Task statement: Images are to be left out; everything else in the listing should be repeated exactly.

Data extract:
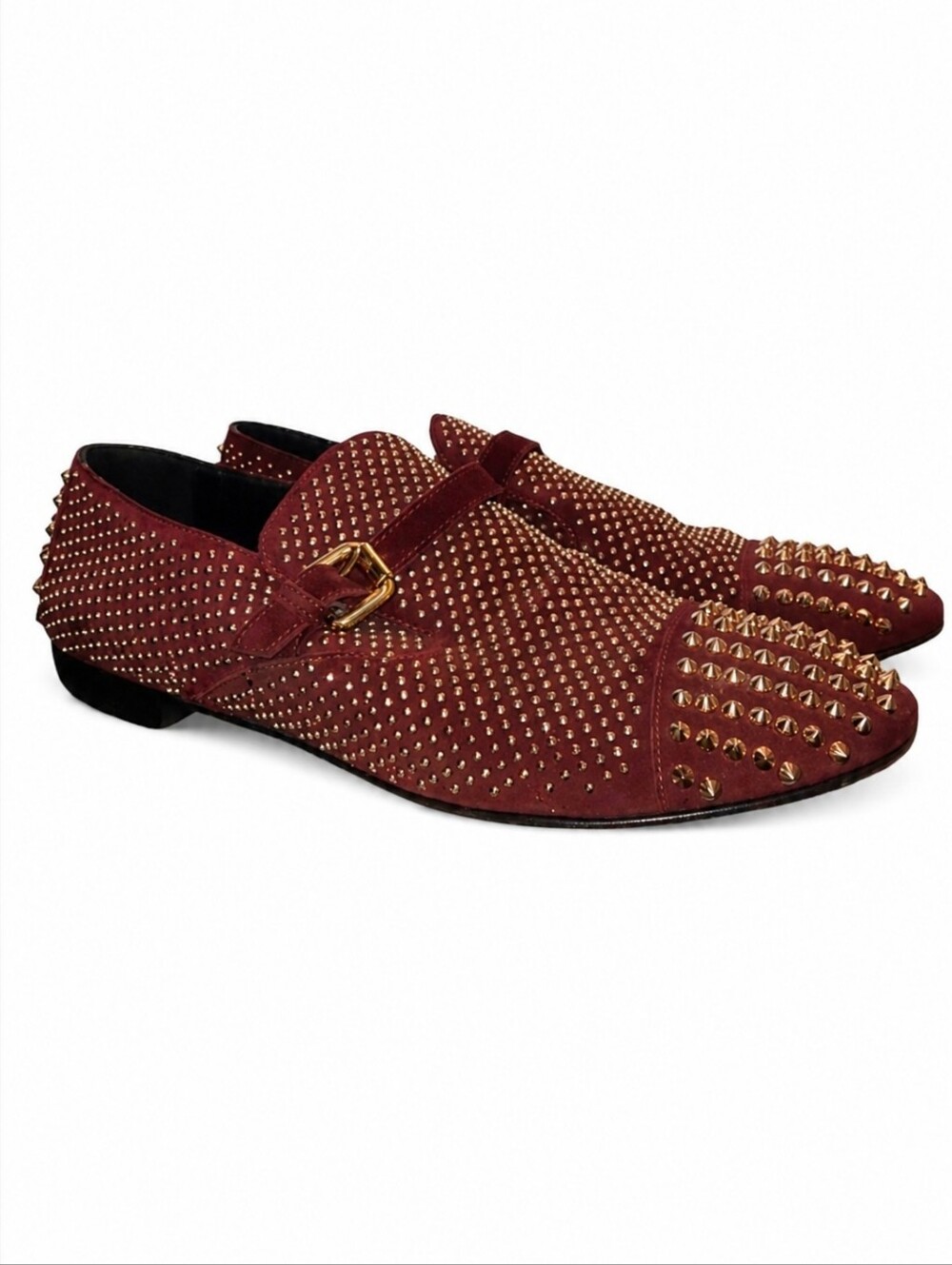 GIUSEPPE ZANOTTI | Studded Suede Loafers Brown Gold EU 45 US 12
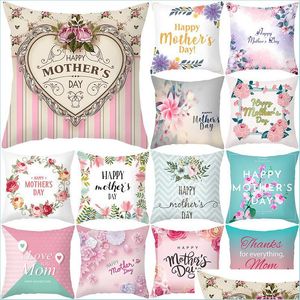 Poduszka etui matki day Pillow Case Miękka tkanina Flanneletta kwadrat 18x18 cali kwiatowy nadruk ER do domu sofa do sypialni samochód dr dhjn6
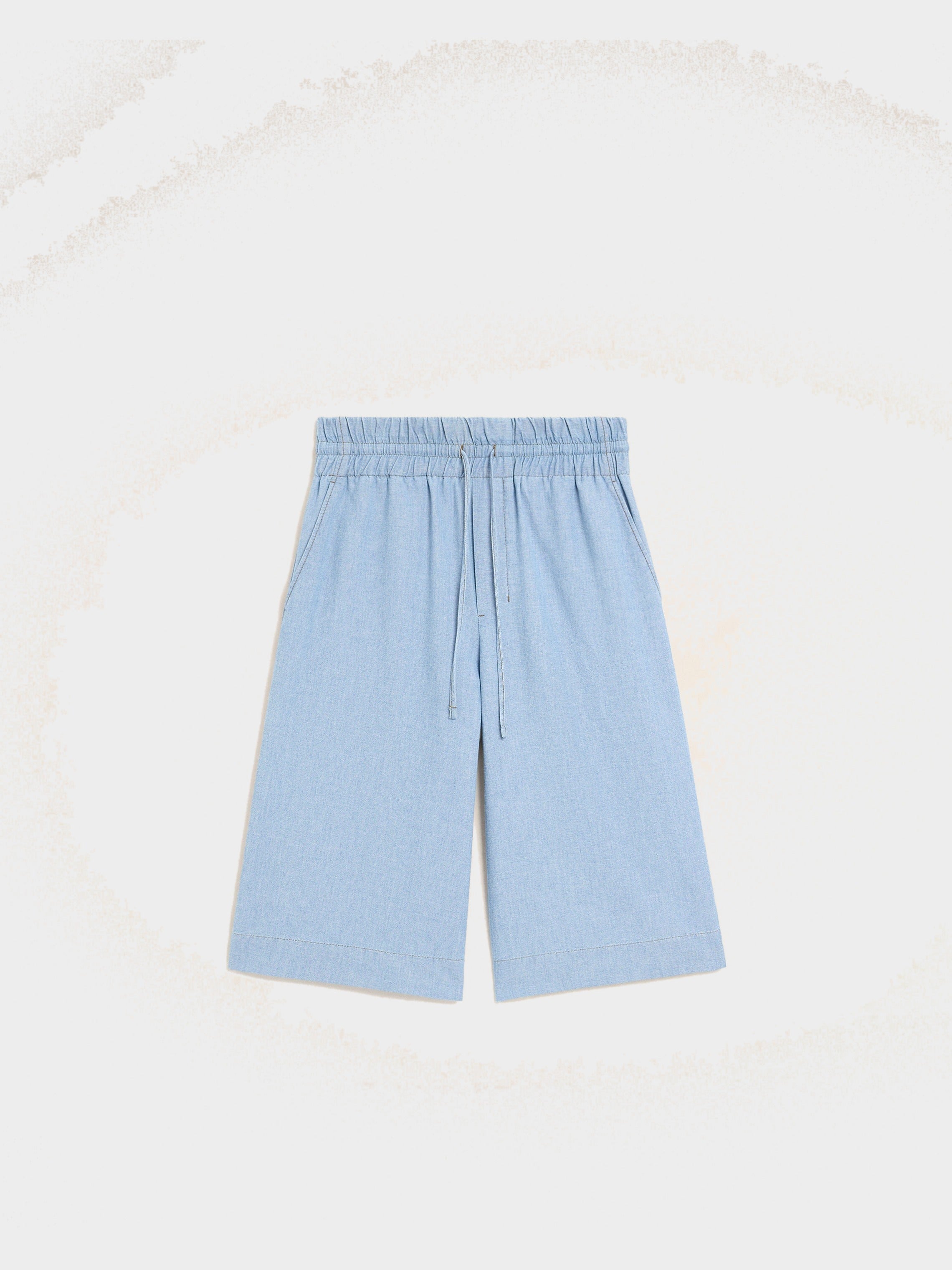 Bermuda bleu large élastiqué en coton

Problem solution:
 GIUSEPPE ZANOTTI | Studded Suede Loafers Brown Gold EU 45 US 12
 Poduszka etui matki day Pillow Case Miękka tkanina Flanneletta kwadrat 18x18 cali kwiatowy nadruk ER do domu sofa do sypialni samochód dr dhjn6
 Bermuda bleu large élastiqué en coton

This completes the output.